The Genomics team at Google Health is excited to share our latest expansion to DeepVariant -
DeepTrio.
First released in 2017,
DeepVariant is an open source tool that enables researchers and clinicians to analyze an individual’s genome sequencing data and identify genetic variants, such as those that may cause disease. Our
continued work on DeepVariant has been recognized for its top-of-class accuracy. With DeepTrio, we have expanded DeepVariant to be able to consider the genetic variants in the sequence data of a mother-father-child trio.
Humans are
diploid organisms, carrying two copies of the human genome. Every individual inherits one copy of the genome from their mother, and the other from their father. Parental inheritance informs analysis of traits and diseases that follow
Mendelian inheritance.
DeepTrio learns to use the properties of Mendelian inheritance directly from sequencing data in order to more accurately identify genetic variants in cases when both parent and a child sample can be co-analyzed.
Modifying DeepVariant to analyze trio samples
DeepVariant learns to classify positions in a genome as reference or variant using representations of data similar to the “genome browser” which experts use in analysis. “
Improving the Accuracy of Genomic Analysis with DeepVariant 1.0” provides a good overview.
DeepVariant receives data as a window of the genome centered on a candidate variant which it is asked to classify as either reference (no variant), heterozygous (one copy of a variant) or homozygous (both copies are variant). DeepVariant sees the sequence evidence as channels representing features of the data (see: “
Looking through DeepVariant’s eyes” for a deeper explanation).
We modified DeepTrio to represent the sequence data from a trio in a single image, with a fixed height for each sample and the child in the middle. Using gold standard samples from NIST
Genome in a Bottle for truth labels, we train one model to call variants in the child and another to call variants in the top parent. To call both parents, we flip the position of the parent samples.
Figure 1. (top) An image of 4 of the channels that DeepTrio uses in classification (these, and 4 other channels are shown in a stack. (bottom) conceptual schematic of how trio files are used to create examples, which are then called by DeepTrio.
Measuring DeepTrio’s improved accuracy
We show that DeepTrio is more accurate than DeepVariant for both parent and child variant detection, with an especially pronounced advantage at lower coverages. This enables researchers to either analyze samples at higher accuracy, or to maintain comparable accuracy at a substantially reduced expense.

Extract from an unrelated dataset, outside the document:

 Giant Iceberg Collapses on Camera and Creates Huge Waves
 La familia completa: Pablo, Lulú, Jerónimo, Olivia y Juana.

To assess the accuracy of DeepTrio, we compare its accuracy to DeepVariant using extensively characterized gold standards made available by NIST
Genome in a Bottle. In order to have an evaluation dataset which is never seen in training, we exclude chromosome 20 from training and perform evaluations on chromosome 20.

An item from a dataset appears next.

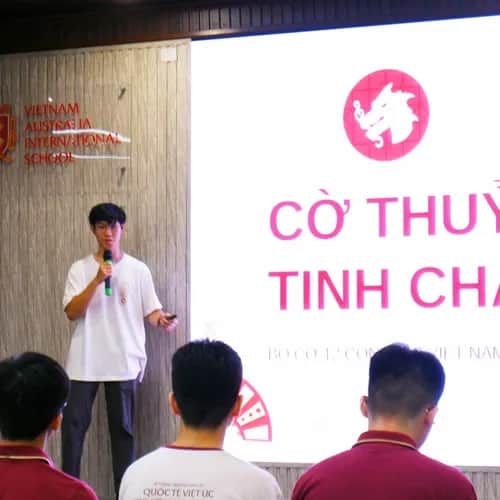CỜ VIỆT TRÍ VIỆT tại Trường Quốc tế Việt Úc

We train DeepVariant and DeepTrio for sequencing data from two different instruments, Illumina and Pacific Biosciences (PacBio), for more information on the differences between these technologies, please see our
previous blog. These sequencers both randomly sample the genome in an error-prone manner. To accurately analyze a genome, the same region needs to be sampled repeatedly. The depth of sampling at a position is called coverage. Sequencing to greater coverage is more expensive in an approximately linear manner. This often forces trade-offs between cost, accuracy, and samples sequenced. As a result, in trios parents are often sequenced at lower depth.
In the charts below, we plot the accuracy of DeepTrio and DeepVariant across a range of coverages.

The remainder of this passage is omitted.